One imagines how Athens went abuzz with chatter when news came of how the senate had condemned Socrates to death with a shot of hemlock. And all for believing something that was against the grain of what, in those days, was accepted and required thought. Socrates was a famous man. But in his own way: the way of the philosopher,  quite unlike the way of entertainers, politicians, warriors, traders, explorers, and other heroes of the time, mythical or real.

And then, one imagines the ancient Athenian agora where would go to speak, teachers from all walks and from everywhere. They all went here for fame, in a way, to ask the most important questions, to deliver answers, to be listened to, to be believed. It was always a noble competition. People “bought” what they chose to believe. They did not always choose in favor of truth, not immediately, anyway.

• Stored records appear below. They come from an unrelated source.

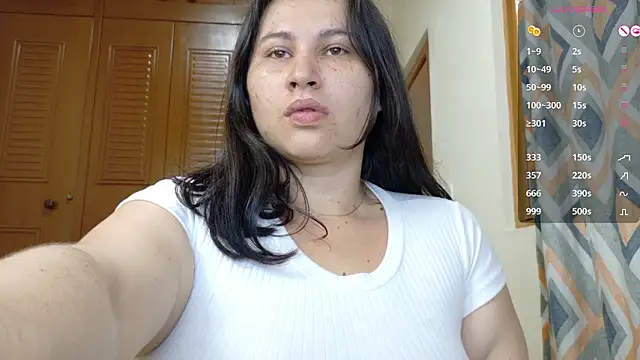 victoriadaniela live sex cam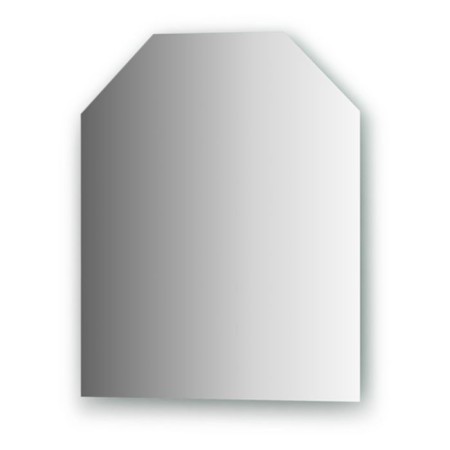 Mirror with a grinding edge of 45 x 55 cm, EvoForm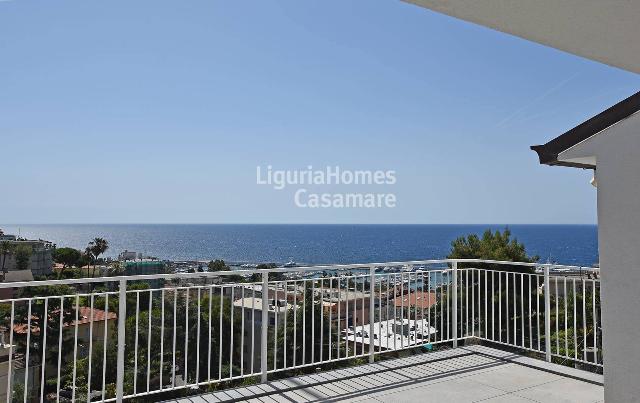 Apartament in Via Carlo, Sanremo - Photo 1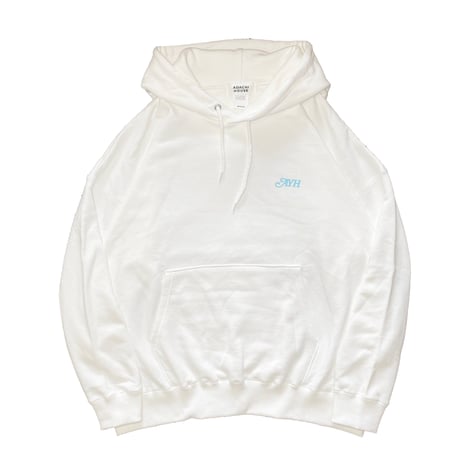 ONE LOVE SEA HOODY SWEAT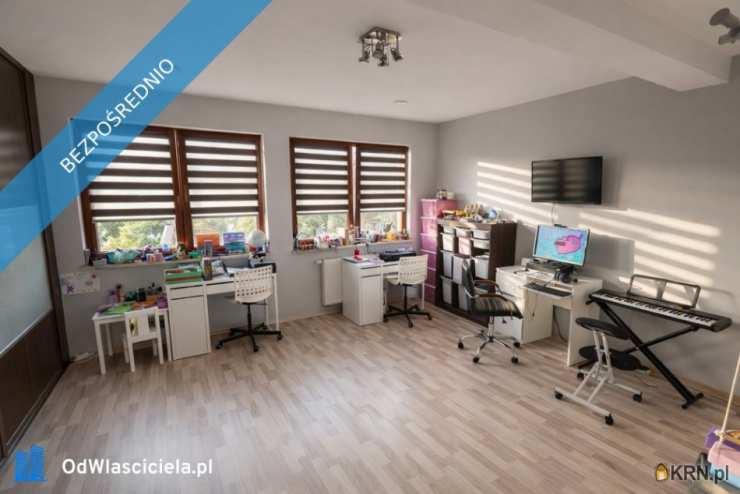 4 pokojowe, Dom  na sprzedaż, Wrocław, Fabryczna, ul. M. Wolfkego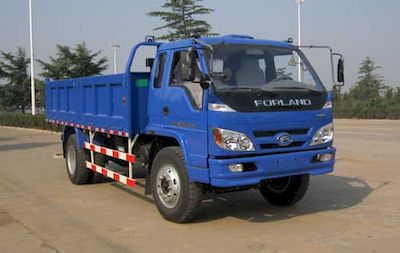 Foton  BJ3163DKPFA6 Dump truck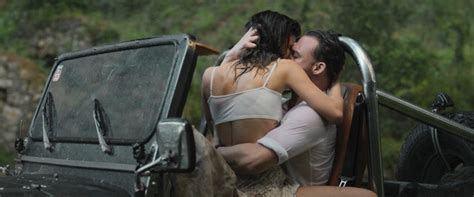 Nude Video Celebs Devrim Zkan Sexy Blue Cave Mavi Magara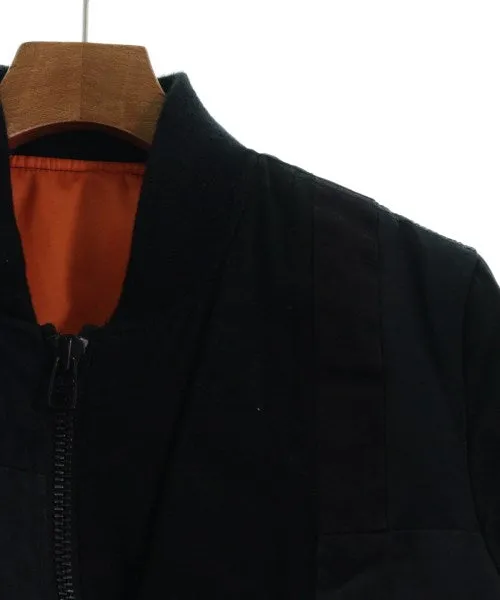 uniform experiment Millitary jackets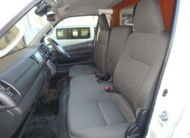 TOYOTA HIACE 2020 DX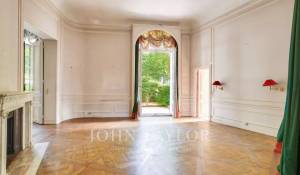 Venda Apartamento Paris 16ème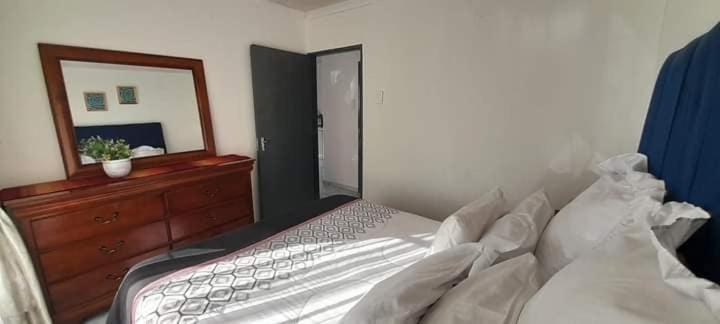 Alberton Guest House Екстер'єр фото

And yet, the very thought of civilization itself roots on the idea: The truth will establish itself in the minds of people, inevitably and eventually. The agora is a marketplace. The marketplace is a battleground; the competition: always cutthroat.

Things have hardly changed even if they seem greatly transformed since the time of the ancients. In the age of information, the marketplace is everywhere in front of us, the TV, the computer screens, our cellphones. And by now, people know exactly how to make things and people famous. But there is a cost. Fame is bought and sold all the time. Some are famous only for being famous.

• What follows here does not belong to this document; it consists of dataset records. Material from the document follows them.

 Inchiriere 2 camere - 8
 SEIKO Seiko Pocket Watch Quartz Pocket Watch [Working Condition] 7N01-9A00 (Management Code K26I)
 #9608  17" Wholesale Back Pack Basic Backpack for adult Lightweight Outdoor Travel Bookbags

And so we question the very idea of fame itself. But even as we do this, we still hold: There are people who become famous on the strength of their true abilities.

The information age has changed the nature of the agora profoundly. The social networks have made the agora more democratic. Or at least, more democratic than when the agora was dominated by a very centralized mass media. As with all good agoras, there is a wonderful chaos about the social networks where humans try to clarify their identities inside the collective identity of the mass.

The very concept of pop culture is changing even more rapidly. And already, we are seeing its worst potential in phenomena like ISIS and the current US American Republican candidates. We are excused to ask: Is the end result of all these good or bad for us?

It will most likely be a mix of both. What we know for sure is that the information age has been helpful to the worst kinds of people. And we feel almost compelled by a sense of ethics to compete with them, as if on the premise, there are better people than they, better arguments than they propound. Doesn’t this compulsion seem rather harebrained? One would have to be, truly, very optimistic of humans and their future to even participate.

Our innocent sense of optimism moves us this way, drawing on faith, that out of all these chaotic technologies, a new sense of collective intelligence and morality must inevitably arise. Not all humans are stupid. Though it is possible most humans probably are not too smart either, as the old Greek philosophers had claimed thousands of years ago. Even so, in a mass of stupidity, a good idea may still be seen, recognized, and then understood for what it is: A good idea.

The problem with good ideas is that they have to become famous first before they become good for anything at all. And good ideas must compete with oceans of bad ones. Ridiculous as it may seem, we must accept the moral obligation to participate in the competition: Out of necessity, as the modernist philosopher Immanuel Kant claimed, to declare something good or beautiful as soon as we judge it to be so. This may not ensure the world’s survival. But it is our only way of making the world better. It must have to suffice.

And yet, isn’t it irony of the blackest humor that in this age of atheism, all still redounds on faith? And where we cannot place our faith in God, would we rather put our faith on the possibility that in this mass of chaos, good ideas are still being born all the time?